I put Project Management 2.0 as the title just to give Glen Alleman a moment…
There was a great question last week in the comments of one of my blog posts. The reader asked if agile offered any unique proposals for managing risk on a project? I’ve been blending my traditional background in project management with agile for several years now and sometimes I have to remind myself of what I’ve taken from what sources.
After reviewing the PMBOK section on Project Risk Management, I had to conclude that Agile doesn’t really offer anything new. Surprised? The PMBOK has processes for developing a risk management plan, identifying risks, performing qualitative and quantitative analysis, conducting risk response planning, and monitoring and controlling risks.
You can clearly make the case the agile might take a lighter approach to risk management, maybe rely less on documentation, but fundamentally you are doing many of the same activities on an agile project as you might on a traditional project. Why are agile methodologies so good then at identifying and mitigating risk?
Agile is so effective at managing risk because risk management processes are built into the very fabric of how we run the project.

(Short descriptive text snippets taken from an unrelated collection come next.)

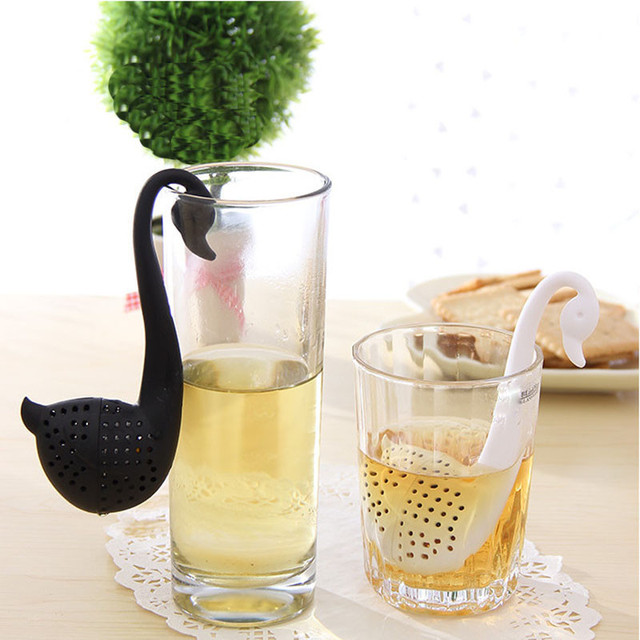 1 Шт. Белый Черный Новинка Чай Infuser Лебединое Pattern Свободные Ситечко Для чая Травы Специи Фильтр Диффузор Чай инструменты herbata filtr и EY11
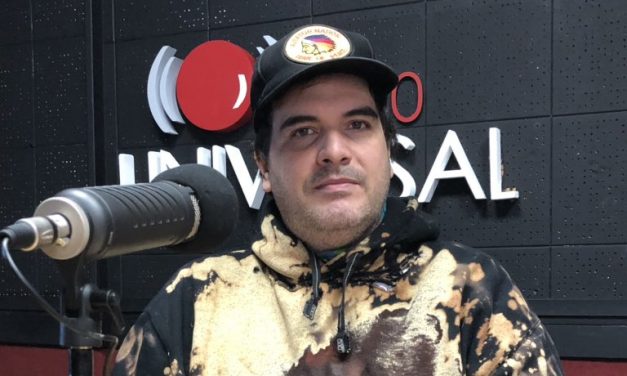 Alzira, Georgi y más personajes vuelven en el unipersonal de Agösto Silveira, «Ni un pelo de santo»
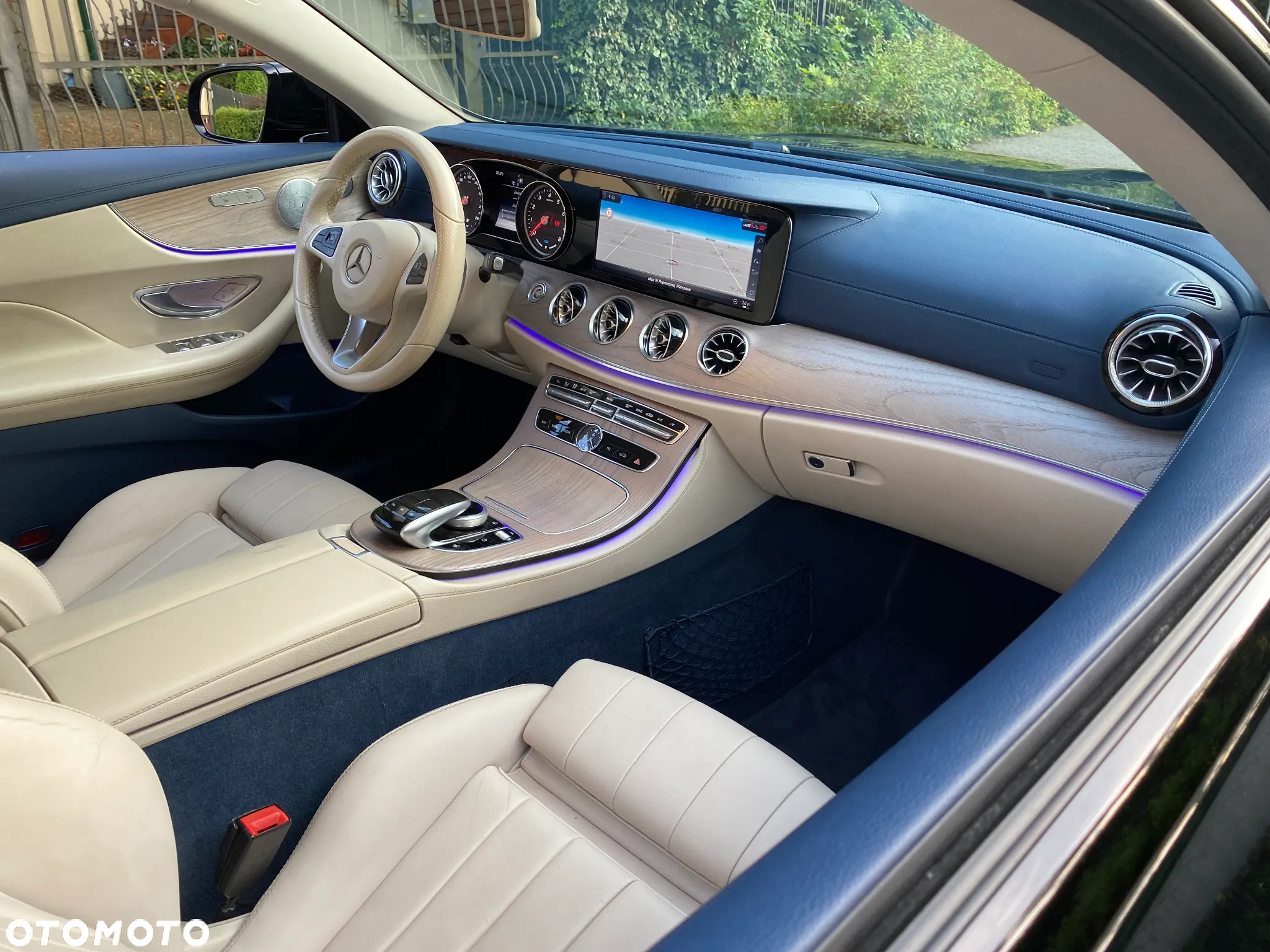 Mercedes-Benz Klasa E 350 Coupe 9G-TRONIC AMG Line - 16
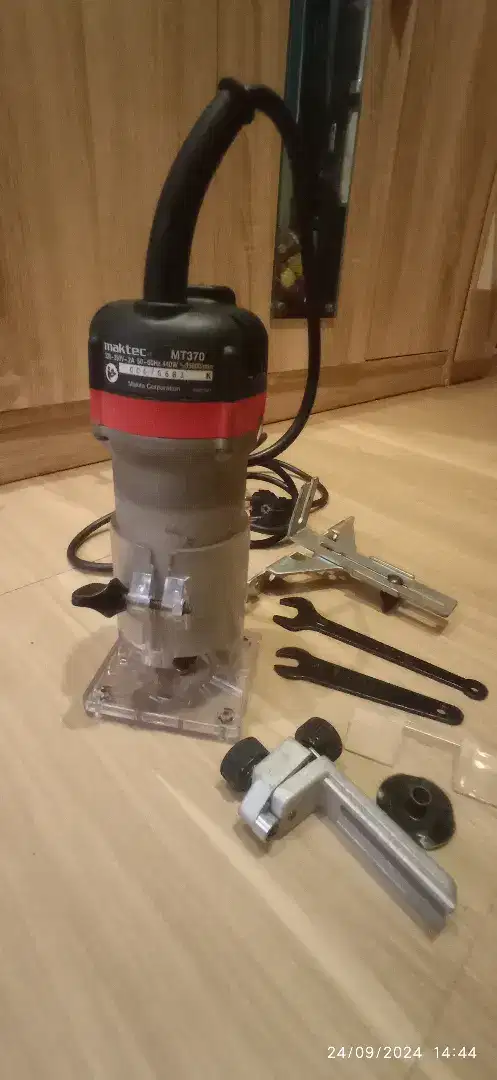 Mesin Profil / Trimmer Router MAKTEC MT370 1/4”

There is an implicit understanding that risk is EVERYWHERE on a project. Risk cannot be contained in a risk list. Risk cannot be mitigated in a team meeting or a periodic risk review session. Dealing with risk has to be an obsession. Our mitigation strategies don’t live outside the project, but influence the very nature of how we structure and plan our work.
Many project managers take a boiler plate approach to risk management. They deal with the easy stuff, the obvious risks that could be assigned to almost every project. Are we going to run out of money? Are we going to lose a key contributor? What happens if the project is late? While these are all important, they only represent a small slice of the kinds of risk we need to consider.
As project managers, we tend to assume that the business vision is accurate. We assume that if we deliver to the spec we’ll satisfy the market needs. We gloss over technical uncertainty because the technology guys are responsible for making all the code work. More detailed planning and designs do not mitigate risk. The only thing that really mitigates risk is delivering product.
Agile mitigates risk by building project frameworks that encourage frequent delivery, constant inspection and review, and allow us to adapt when things are not going as you expect.
In short, agile is risk management.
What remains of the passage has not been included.